Sąd I instancji mając na uwadze zgromadzony w sprawie materiał dowodowy nie doszukał się w postępowaniu pozwanego cech, które mogłyby świadczyć, iż nieprawidłowości w jego działaniu były celowym działaniem pozwanego wymierzonym przeciwko powódce. Mając na uwadze powyższe - Sąd Rejonowy oddalił powództwo (pkt 1 sentencji wyroku).

Mając na uwadze orzeczenie merytoryczne, Sąd orzekł o kosztach sądowych stosownie do treści art. 98 § 1 i 3 k.p.c. (pkt 2 wyroku). Sąd ustalił w oparciu o § 12 ust.l pkt 1 Rozporządzenia Ministra Sprawiedliwości z dnia 28 września 2002 r. w sprawie opłat za czynności adwokackie oraz ponoszenia przez Skarb Państwa kosztów nieopłaconej pomocy prawnej udzielonej z urzędu (tekst jedn. Dz. U. z 2013 roku, poz. 461 z póżn. zm.).

Apelację od powyższego wyroku wniosła powódka.

Zarzuciła mu obrazę przepisów prawa materialnego i procesowego poprzez:

1. naruszenie art 203 par. 1 w zw. z art 125 par 1 poprzez błędne uznanie, że czynność procesowa dokonana pismem z dnia 02.11.2016 r. stanowiła cofnięcie pozwu.

2. niewłaściwą wykładnię art 193 KPC mającą bezpośredni wpływ na podstawę wydania wyroku, co bezpośrednio przełożyło się na treść orzeczenia z dnia 02.12.2016 r.

3. Naruszenie art 53 par 1 p-kt 1 pp-kt b KP, art 30 p-kt 4 poprzez odstąpienie sprawdzenia zasadności zastosowanego trybu rozwiązania umowy o pracę.

4. naruszenie art 39 KP poprzez odstąpienie od badania okoliczności rozwiązania umowy o pracę na czas nieokreślony bez wypowiedzenia w okresie ochronnym.

5. Naruszenie art 41 KP poprzez odstąpienie od badania okoliczności wypowiedzenia umowy o pracę w okresie wykorzystywania urlopu wypoczynkowego.

6. Naruszenie art 3.1 KP w zw. z art 54 i 55 Prawa spółdzielczego oraz art 104 KC poprzez odstąpienie od badania uprawnień do składania oświadczeń z zakresu prawa pracy oraz występowania przed sądem w charakterze strony przez A. P..

7. Naruszenie art. 94 KP w zakresie odstąpienia od badania wywiązania się pozwanego z obowiązku zapoznania się z podstawowymi regulacjami. 8. naruszenie art 162 KPC, art 227 KPC w związku z art 217 par. 2 KPC polegającą przyjęciu ustaleń dowodowych zgłaszanych przez stronę pozwaną za podstawę wytoku^^B polegającą na jednostronnej ocenie materiału dowodowego i nieistotnych rozstrzygnięcia procesu.

9. naruszenie art 217 par. 2 KPC oraz art 230 KPC poprzez to, że zostały pominięte dowody

zgłoszone przez powódkę z zakresu oznaczonego przez sąd, a które dla rozstrzygnięcia B sprawy były istotne, co do których strona przeciwna się nie wypowiedziała.

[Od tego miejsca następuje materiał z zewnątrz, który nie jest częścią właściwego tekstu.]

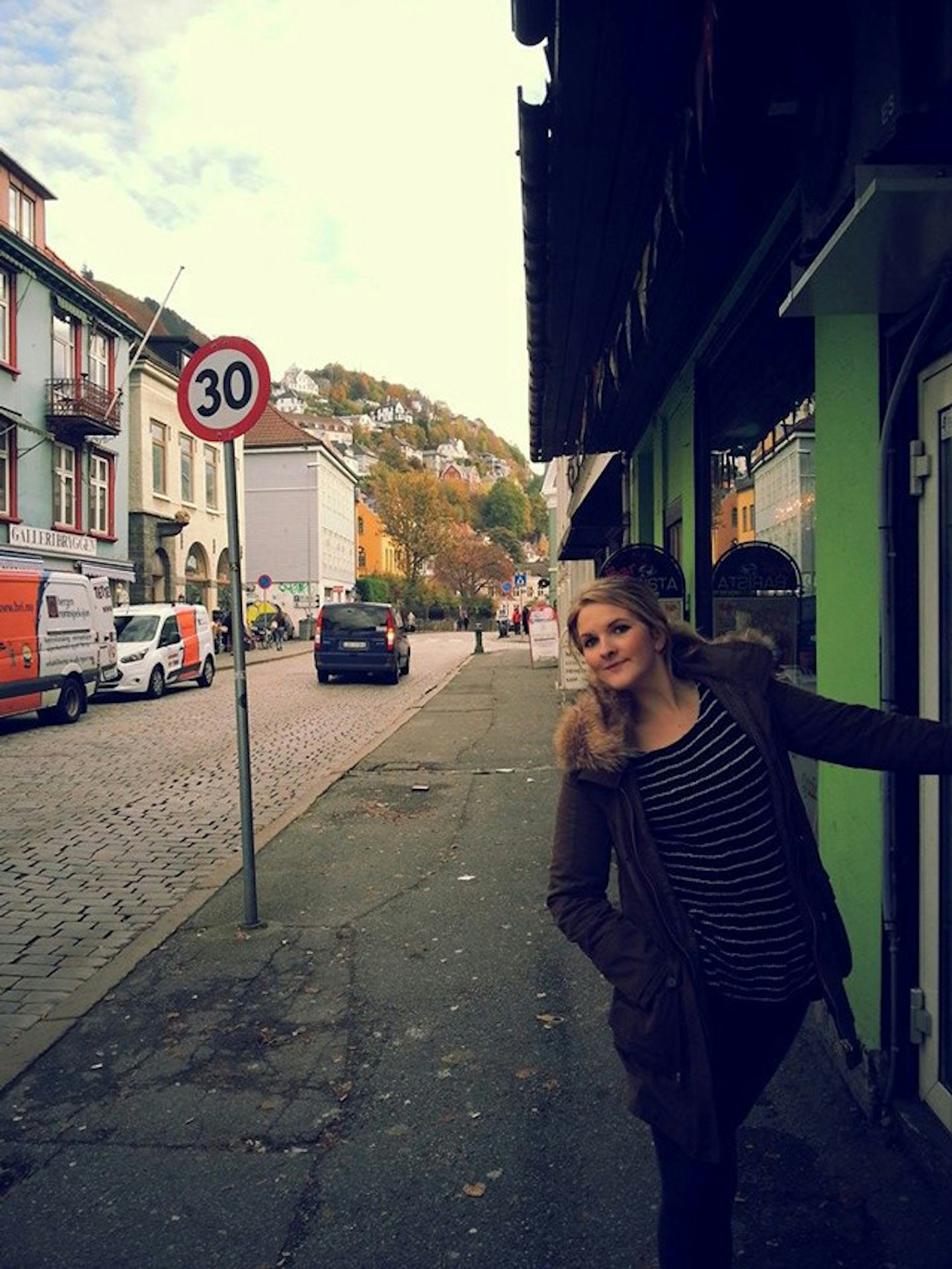 _Emily-Bell-Bergen,-Norway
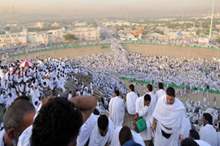 b4bb4fe9c021d1945771801884fab96c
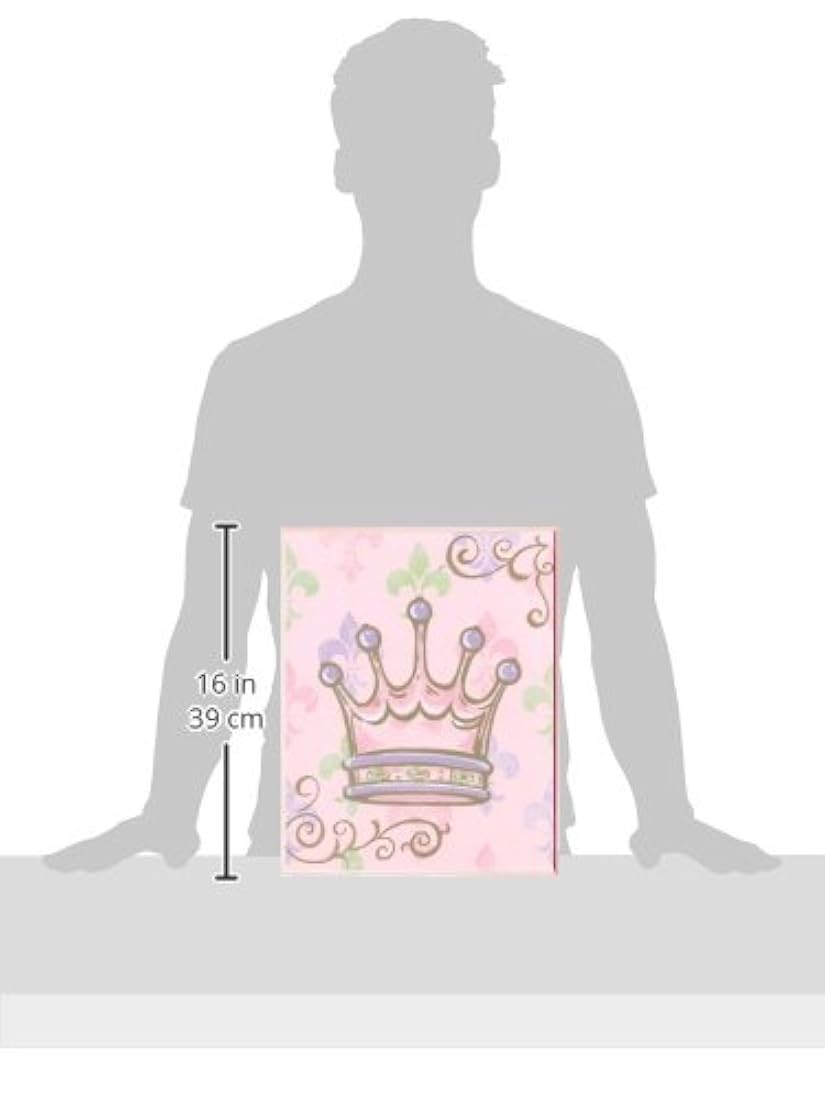 La habitación de los niños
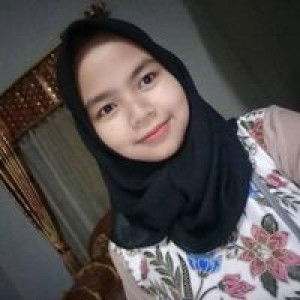 Lindaa Agustiani profile icon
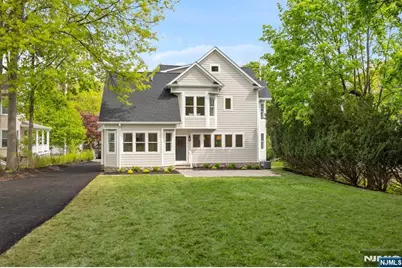 120 Hope Street, Ridgewood, NJ 07450 - Photo 33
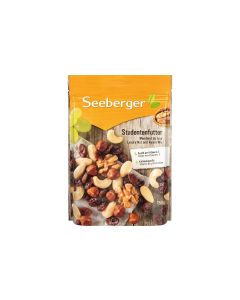 Seeberger Studentenfutter 150 g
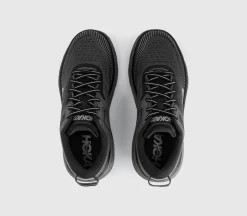 Bondi 7 Trainers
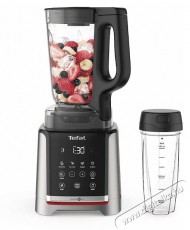 Tefal BL91HD31 Infinymix+ turmixgép Újdonságok - Új termékek - 366962
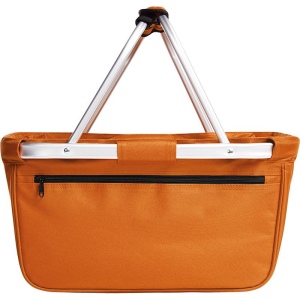 Sac shopping / panier recyclé Halfar 7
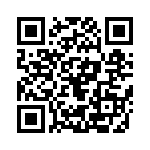 10-87336-3P QRCode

B

10. Naruszenia art. 229 KPC w zakresie odmowy przyznania faktów przez sąd, co do których ' strona pozwana nie zaprzeczyła.

11. Naruszenie art. 45 Konstytucji RP. art. 471 KPC w zakresie przewlekłości postępowania sądu w przebiegu całego procesu.

12. Naruszenie art. 264 par. 2 w związku z art.265 par 1 KP w zakresie dochowania terminu dochodzenia roszczeń.

13. Naruszenie art. 11.1 par. 1 KP, art. 415 i nast. KPC, art 37 i art 39 ustawy o ochronie danych osobowych w zakresie odmowy zbadania okoliczności udostępnienia przez pozwanego podmiotom zewnętrznym danych oraz akt osobowych powódki.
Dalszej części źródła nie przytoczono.